-- Brief --
Every line of the listing below from the one with "This young almond" up to and including the one with "Cabling My Tree by ggshearron" should be retyped exactly, and nothing else; pictures are not part of the copy.

-- Dataset records --
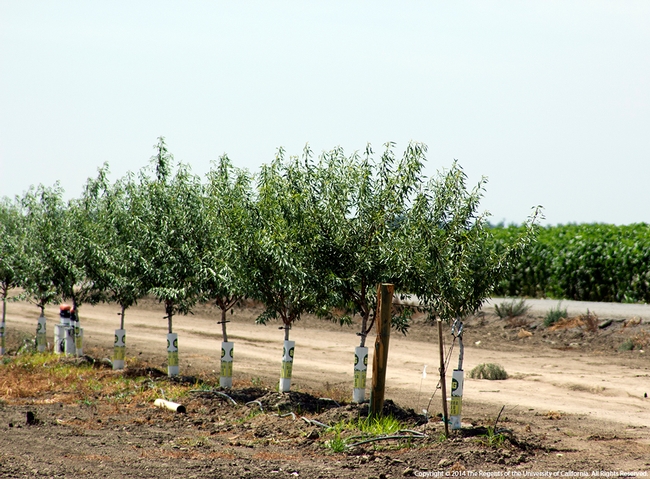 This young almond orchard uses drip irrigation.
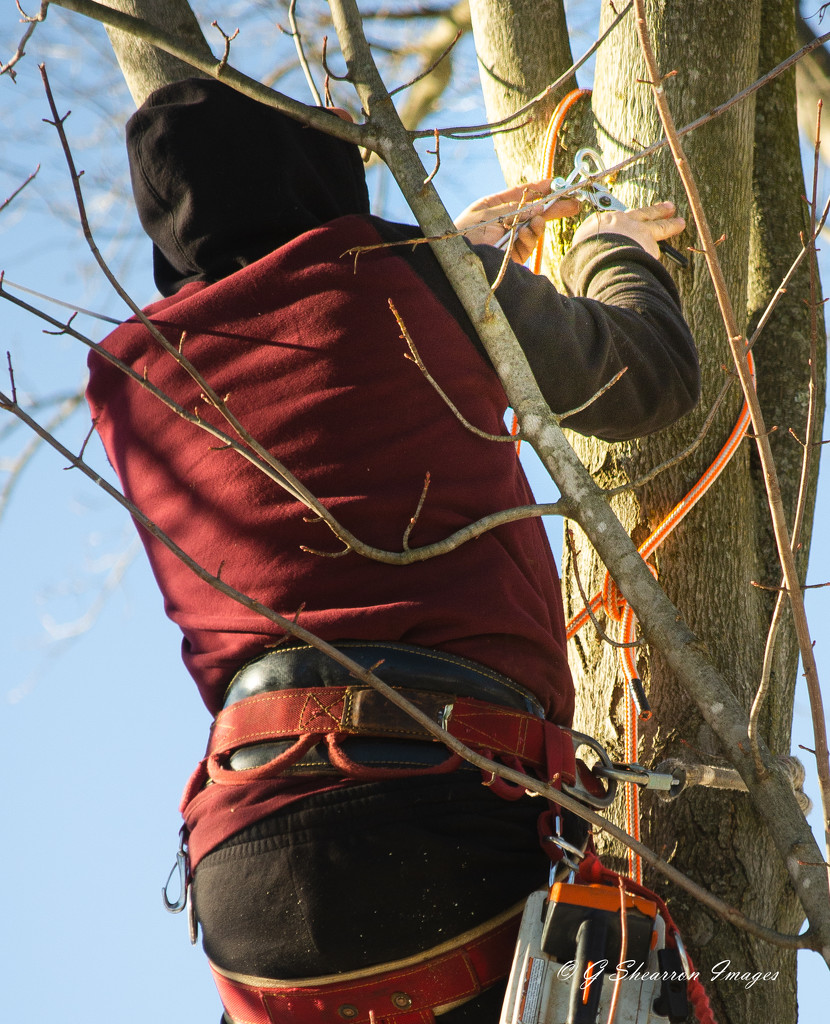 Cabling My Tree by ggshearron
...
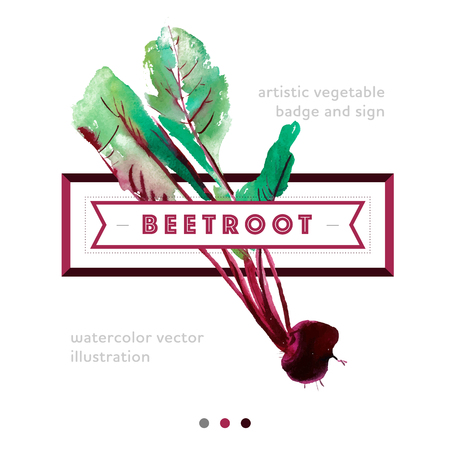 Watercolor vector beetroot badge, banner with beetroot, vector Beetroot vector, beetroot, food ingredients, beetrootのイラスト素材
...
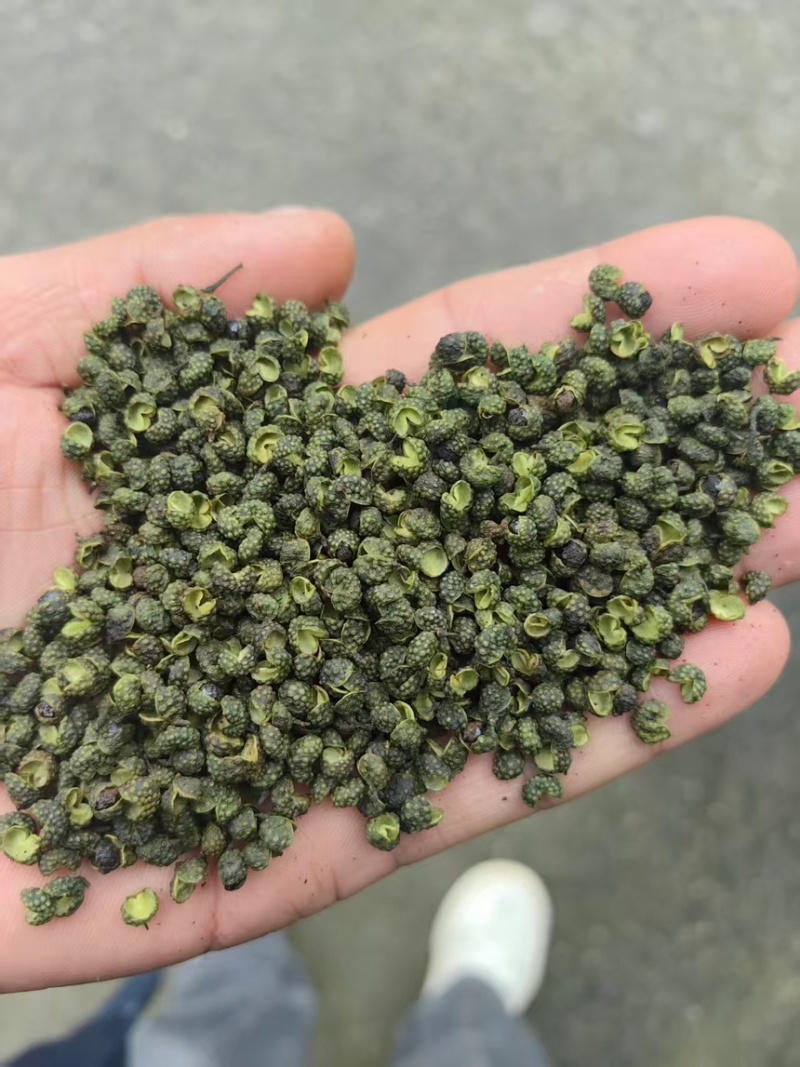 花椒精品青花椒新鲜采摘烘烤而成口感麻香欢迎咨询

-- Answer space --
 This young almond orchard uses drip irrigation.
 Cabling My Tree by ggshearron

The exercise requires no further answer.